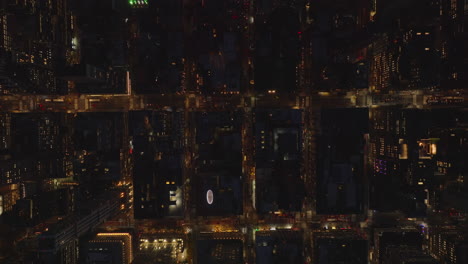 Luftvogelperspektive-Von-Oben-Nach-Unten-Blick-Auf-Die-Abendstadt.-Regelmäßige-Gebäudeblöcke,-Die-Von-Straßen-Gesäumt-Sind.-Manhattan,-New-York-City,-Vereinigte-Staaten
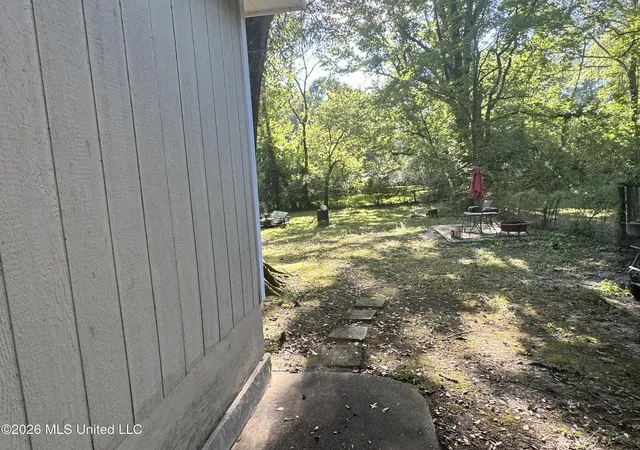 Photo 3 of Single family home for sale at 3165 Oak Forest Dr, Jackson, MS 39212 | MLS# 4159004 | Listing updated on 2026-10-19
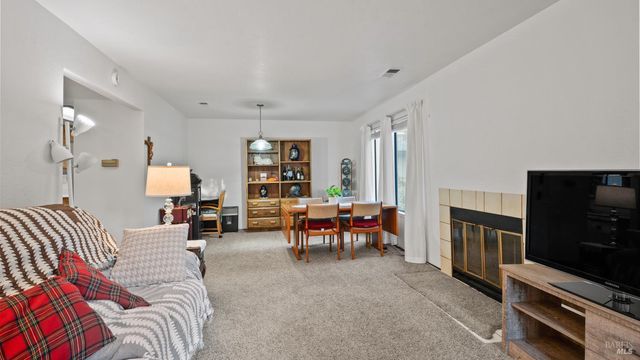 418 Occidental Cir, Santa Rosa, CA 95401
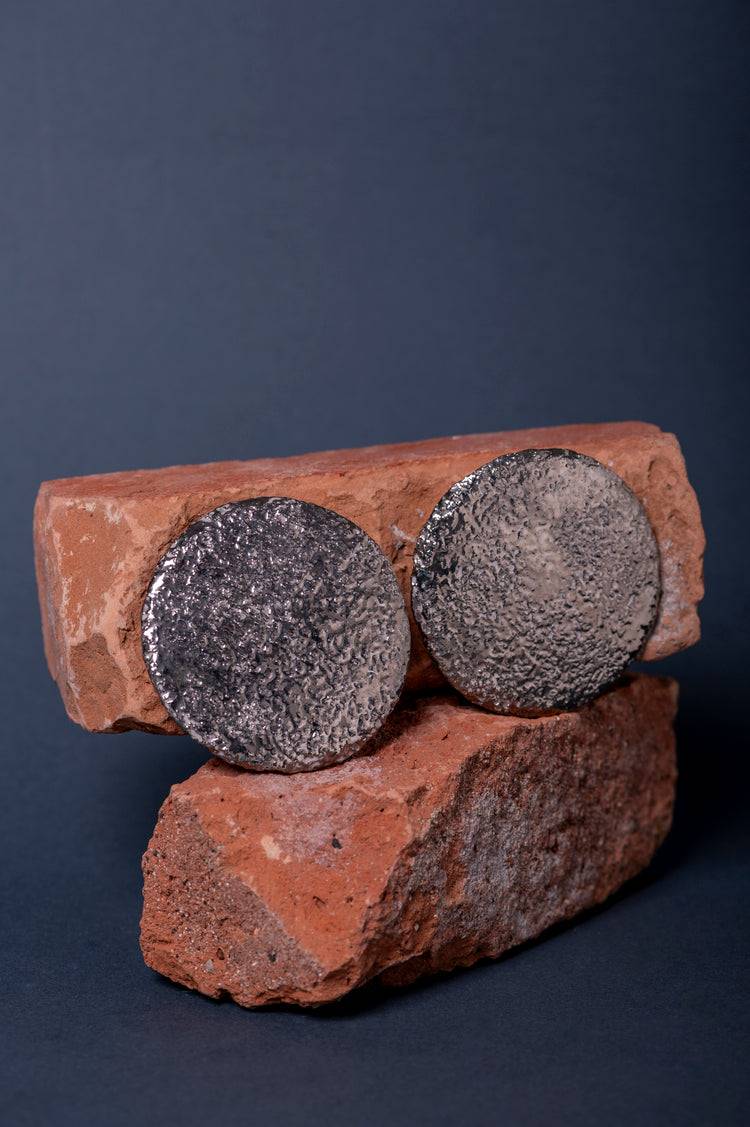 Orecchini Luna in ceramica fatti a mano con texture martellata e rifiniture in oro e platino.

==

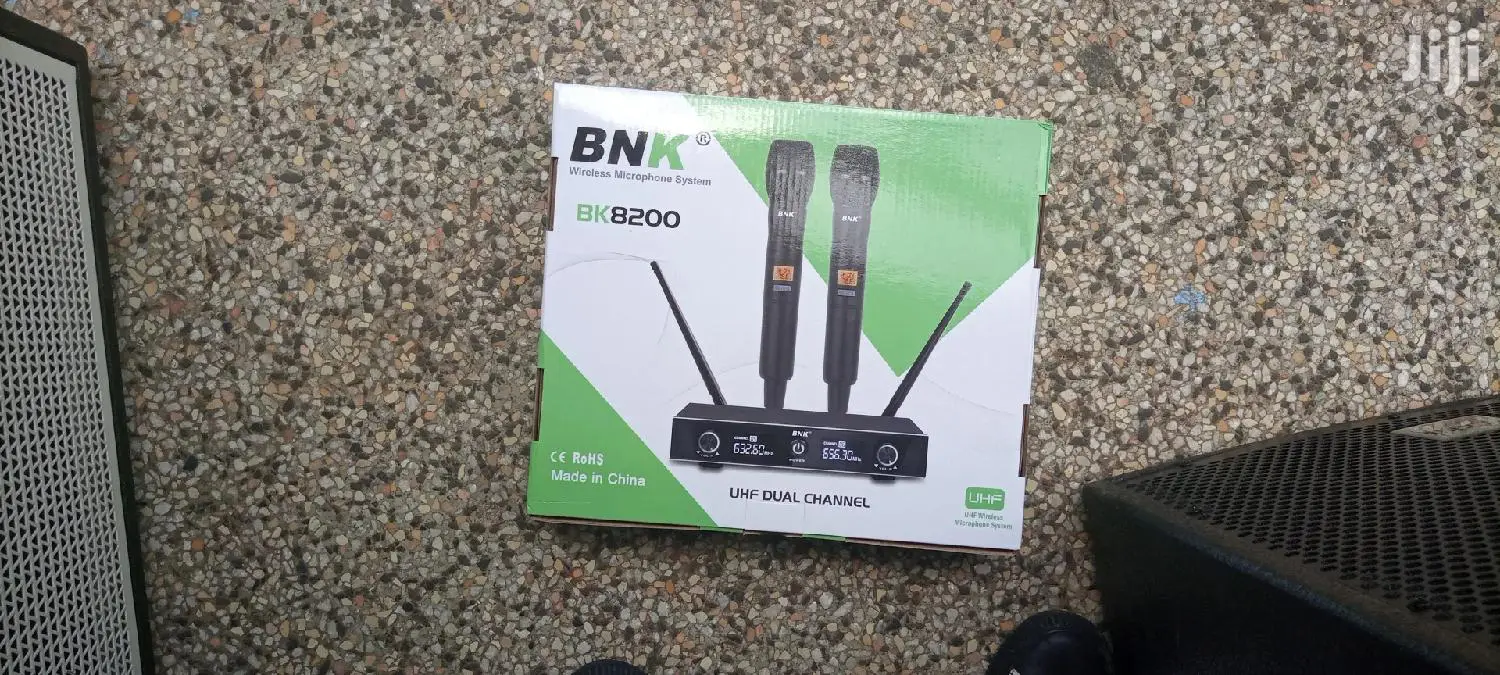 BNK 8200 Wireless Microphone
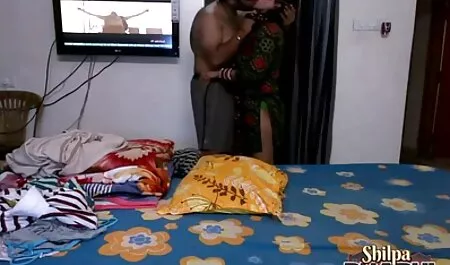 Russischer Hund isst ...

**The problem:** From the records above, write out exactly the lines that begin at the line with "Photo 3 of Single" and end at the line with "Orecchini Luna in". Pictures must not appear in the output.

**Completed task:**
 Photo 3 of Single family home for sale at 3165 Oak Forest Dr, Jackson, MS 39212 | MLS# 4159004 | Listing updated on 2026-10-19
 418 Occidental Cir, Santa Rosa, CA 95401
 Orecchini Luna in ceramica fatti a mano con texture martellata e rifiniture in oro e platino.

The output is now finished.